Problem to work on ->
Present each line of the entries below that holds the word "with".

Given records ->

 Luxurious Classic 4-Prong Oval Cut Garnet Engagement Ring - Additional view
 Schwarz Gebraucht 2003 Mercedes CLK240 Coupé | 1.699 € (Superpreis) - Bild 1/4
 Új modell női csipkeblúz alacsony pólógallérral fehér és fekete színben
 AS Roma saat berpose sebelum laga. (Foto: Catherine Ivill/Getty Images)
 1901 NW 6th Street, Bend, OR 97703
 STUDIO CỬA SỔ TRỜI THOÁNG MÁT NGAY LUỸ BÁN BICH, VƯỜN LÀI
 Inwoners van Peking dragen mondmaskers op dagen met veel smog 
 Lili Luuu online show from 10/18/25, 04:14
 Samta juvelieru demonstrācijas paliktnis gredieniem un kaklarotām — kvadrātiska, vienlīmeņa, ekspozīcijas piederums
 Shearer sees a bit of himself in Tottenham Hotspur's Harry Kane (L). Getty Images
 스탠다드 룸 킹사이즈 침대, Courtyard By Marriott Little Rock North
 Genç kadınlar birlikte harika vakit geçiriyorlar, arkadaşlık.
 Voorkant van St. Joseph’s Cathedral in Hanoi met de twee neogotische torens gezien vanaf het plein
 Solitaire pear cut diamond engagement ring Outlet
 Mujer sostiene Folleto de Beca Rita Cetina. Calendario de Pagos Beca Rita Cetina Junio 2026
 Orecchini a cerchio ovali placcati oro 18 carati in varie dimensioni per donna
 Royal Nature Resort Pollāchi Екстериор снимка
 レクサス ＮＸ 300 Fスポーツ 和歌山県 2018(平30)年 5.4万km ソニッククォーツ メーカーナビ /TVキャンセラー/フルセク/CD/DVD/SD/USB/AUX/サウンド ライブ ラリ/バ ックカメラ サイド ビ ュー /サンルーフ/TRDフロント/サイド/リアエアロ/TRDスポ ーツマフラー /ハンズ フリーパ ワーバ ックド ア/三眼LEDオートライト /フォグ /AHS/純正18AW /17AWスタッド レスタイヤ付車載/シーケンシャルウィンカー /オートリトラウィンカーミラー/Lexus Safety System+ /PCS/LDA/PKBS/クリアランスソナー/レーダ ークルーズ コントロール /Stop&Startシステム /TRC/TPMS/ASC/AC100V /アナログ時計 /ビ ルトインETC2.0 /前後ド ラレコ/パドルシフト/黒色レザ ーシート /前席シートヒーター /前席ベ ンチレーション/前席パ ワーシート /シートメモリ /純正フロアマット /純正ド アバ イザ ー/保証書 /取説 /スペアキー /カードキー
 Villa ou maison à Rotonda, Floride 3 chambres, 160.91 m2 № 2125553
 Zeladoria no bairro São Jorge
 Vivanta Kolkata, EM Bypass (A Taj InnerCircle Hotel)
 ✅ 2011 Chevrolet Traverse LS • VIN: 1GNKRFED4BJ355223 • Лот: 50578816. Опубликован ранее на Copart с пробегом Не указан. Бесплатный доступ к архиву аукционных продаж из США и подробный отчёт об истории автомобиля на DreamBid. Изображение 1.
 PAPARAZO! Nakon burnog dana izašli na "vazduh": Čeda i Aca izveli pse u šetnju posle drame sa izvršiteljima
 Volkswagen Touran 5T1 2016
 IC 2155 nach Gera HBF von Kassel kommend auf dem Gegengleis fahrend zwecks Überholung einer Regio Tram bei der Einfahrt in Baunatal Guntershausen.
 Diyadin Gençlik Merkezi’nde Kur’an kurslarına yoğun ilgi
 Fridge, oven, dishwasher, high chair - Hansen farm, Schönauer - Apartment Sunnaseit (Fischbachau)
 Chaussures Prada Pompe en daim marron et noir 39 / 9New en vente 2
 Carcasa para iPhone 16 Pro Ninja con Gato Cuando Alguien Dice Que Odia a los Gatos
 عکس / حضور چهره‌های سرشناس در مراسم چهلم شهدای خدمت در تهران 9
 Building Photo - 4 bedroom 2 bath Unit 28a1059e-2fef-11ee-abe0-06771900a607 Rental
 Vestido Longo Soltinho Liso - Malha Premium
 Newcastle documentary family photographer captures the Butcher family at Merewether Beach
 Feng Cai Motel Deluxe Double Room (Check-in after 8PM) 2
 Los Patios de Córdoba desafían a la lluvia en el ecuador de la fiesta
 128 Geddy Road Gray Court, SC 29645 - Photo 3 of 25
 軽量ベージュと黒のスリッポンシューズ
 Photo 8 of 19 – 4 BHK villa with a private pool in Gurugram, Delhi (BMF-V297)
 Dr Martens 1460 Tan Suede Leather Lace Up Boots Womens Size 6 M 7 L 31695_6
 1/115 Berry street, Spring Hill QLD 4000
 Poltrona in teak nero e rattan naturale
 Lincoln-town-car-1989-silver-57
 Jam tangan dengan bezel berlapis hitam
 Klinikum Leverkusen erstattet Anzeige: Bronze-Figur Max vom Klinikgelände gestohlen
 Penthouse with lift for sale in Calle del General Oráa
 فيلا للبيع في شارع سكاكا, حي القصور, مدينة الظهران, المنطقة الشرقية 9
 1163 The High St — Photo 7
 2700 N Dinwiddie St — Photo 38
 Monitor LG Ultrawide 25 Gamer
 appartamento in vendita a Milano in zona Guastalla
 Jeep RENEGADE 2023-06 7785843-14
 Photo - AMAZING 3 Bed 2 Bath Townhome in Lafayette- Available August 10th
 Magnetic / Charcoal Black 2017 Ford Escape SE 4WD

Solution for this problem ->
 Photo 8 of 19 – 4 BHK villa with a private pool in Gurugram, Delhi (BMF-V297)
 Penthouse with lift for sale in Calle del General Oráa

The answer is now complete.